Com a
devida vénia ao autor, tomámos a liberdade de publicar este texto que aborda a
importância que hoje é dada à qualidade da educação, nas instituições de
ensino.
A
educação é o motor das Sociedades
Por:
Nuno Crato*
Ficamos
contentes com o aumento da escolarização – e é justo que isso se faça. Mas
poucas vezes pensamos na qualidade da educação. Que aprendem de facto os nossos
jovens?
Há
muitas décadas que se discute se a educação pode mudar as sociedades e, em
particular, se é causa do crescimento económico. A resposta afirmativa era
quase um dogma até que alguns sociólogos questionaram se não seria o contrário,
se não seria o crescimento económico que permitiria a criação de um melhor
sistema educativo.
Se foi
o ovo se foi a galinha tornou-se um puzzle em que se digladiaram vários
estudiosos. Os estatísticos não conseguiam sequer evidenciar a existência de
uma correlação entre os indicadores educativos e o crescimento. As coisas
mudaram na transição de século, quando alguns economistas de educação, um campo
de estudo que começou a surgir, começaram a estudar outros indicadores. Em vez
de estudar a escolaridade média da população, o número de estudantes, a redução
do abandono escolar, a média de horas passadas na escola, o número de graduados
e outras estatísticas, passaram a estudar indicadores cognitivos, isto é, o que
os estudantes e os jovens tinham aprendido. Esta mudança tornou-se possível
pela realização de inquéritos internacionais de larga escala, tais como os
estudos PISA e TIMSS. Em termos simples, as coisas mudaram quando em vez de
analisar a educação pela quantidade se passou a analisar a educação pela sua
qualidade.
Os
dados mostraram aquilo que até então tinha resistido à análise estatística. Ou
seja, os dados de qualidade de educação explicam parte significativa do
crescimento económico. Tudo indica que a qualidade da educação – não a sua
quantidade – é importante fator de desenvolvimento.
Passaram
quase três décadas desde que essa descoberta estatística começou a ser
evidenciada e sucessivamente confirmada. No entanto, muitos de nós ainda
pensamos em termos de quantidade. Ficamos contentes com o aumento da
escolarização – e é justo que isso se faça. Ficamos contentes por saber que há
menos jovens a abandonar os estudos – e também é justo que isso aconteça. Mas
poucas vezes pensamos na qualidade da educação. Que aprendem de facto os nossos
jovens?
Quando
olhamos a educação nessa perspetiva, os dados recentes não nos devem
satisfazer. Mais, devem-nos preocupar. Desde 2016 que todos os inquéritos
internacionais aos conhecimentos e capacidades cognitivas dos nossos jovens
mostram um declínio grave. As médias baixaram – e desde antes da pandemia – , e
o número de jovens com deficiências cognitivas graves a matemática, leitura e
ciências aumentou. E aumentou para níveis preocupantes. Cerca de 30% dos nossos
jovens de 15 anos têm hoje um baixíssimo desempenho em matemática. Cerca de 23%
dos mesmos jovens têm dificuldades extremas de leitura. Ou seja, uma
percentagem grande dos nossos futuros adultos tem o seu futuro comprometido.

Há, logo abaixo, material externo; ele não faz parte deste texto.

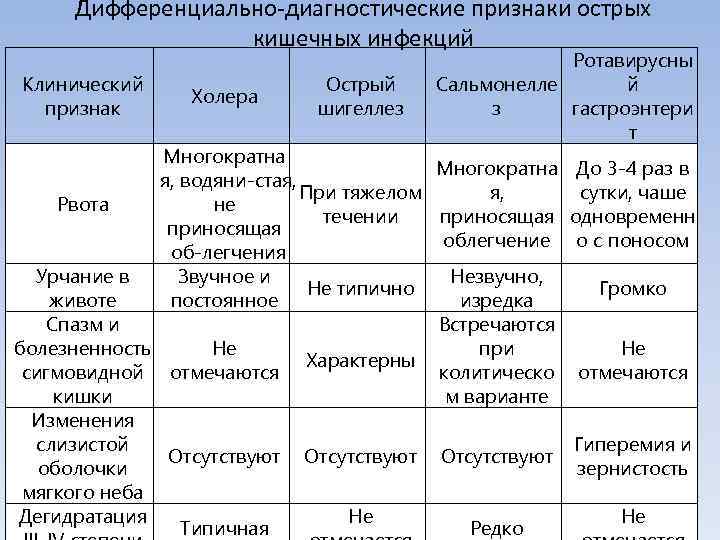  Дифференциально диагностические признаки острых    кишечных инфекций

Não nos deveria isso preocupar?
Perante
esta realidade, há sempre coisas bonitas a dizer: tornar o ensino mais
interessante, acelerar a digitalização, introduzir jogos nas escolas… pode não
fazer mal…, mas não vai resolver os problemas. Enquanto as políticas públicas
não regressarem a um tripé de medidas comprovadas, nomeadamente um currículo
ambicioso, uma avaliação rigorosa e um apoio estruturados aos jovens com mais
dificuldades, enquanto isso não acontecer, o progresso não se registará. E é
possível fazê-lo? Sem dúvida! Foi o que fizemos desde princípio deste século
até 2015, ano em que obtivemos os nossos melhores resultados de sempre nos
inquéritos internacionais. Atentemos nesses anos e atentemos nos erros que de
2016 a esta parte se fizeram.
*Professor-Investigador e antigo Ministro da Educação de Portugal.